Estábamos a punto de besarnos de nuevo cuando el coche de detuvo a nuestro lado.

—¿Ikatz Santaella? —preguntó una voz desde su interior.

El coche era un Audi de color negro. Un A2. La voz era inglesa, femenina y más bien joven. No reconocí ni el uno ni la otra. Lo único que pude ver a través de los dos dedos de ventanilla bajada fue una cabeza oscura cubierta por un gorro muy parecido al de Marta y el rescoldo de un cigarrillo. Ni siquiera me dio tiempo a responder. Escuché cómo se abría la puerta del lado contrario del coche y cómo algo caía al suelo produciendo un ruido sordo y amortiguado: el ruido que hace al caer sobre el asfalto una bolsa de lona con un cadáver podrido en su interior. Y entonces el coche arrancó de nuevo, recorrió a toda velocidad el último tramo de Wentworth Street y desapareció por la esquina de Commercial Street.
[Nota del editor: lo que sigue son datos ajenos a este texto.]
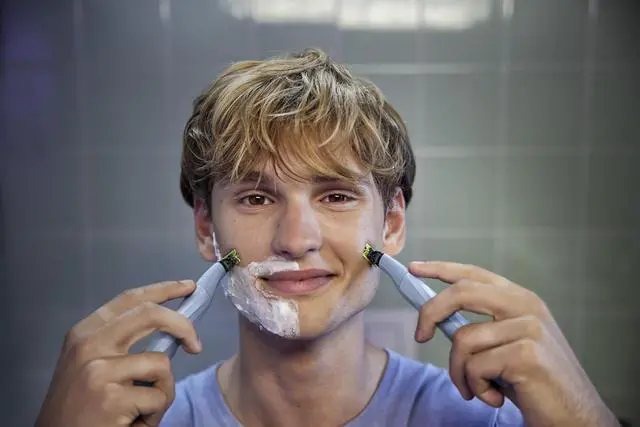 Alt view image 4 of 5 - OneBlade First Shave, Teen Hybrid Electric Shaving System, (Gray)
Marta fue la primera en deshacer nuestro abrazo, cruzar la calzada desierta y ponerse en cuclillas ante la bolsa de lona.

—La hemos jodido —dijo, mirándonos alternativamente a la bolsa y a mí. Y al instante se corrigió a sí misma—: La has jodido a base de bien.

Cinco segundos después, el único rastro de Marta que quedaba en la calle era el sonido de sus pasos alejándose a la carrera por Gunthorpe Street.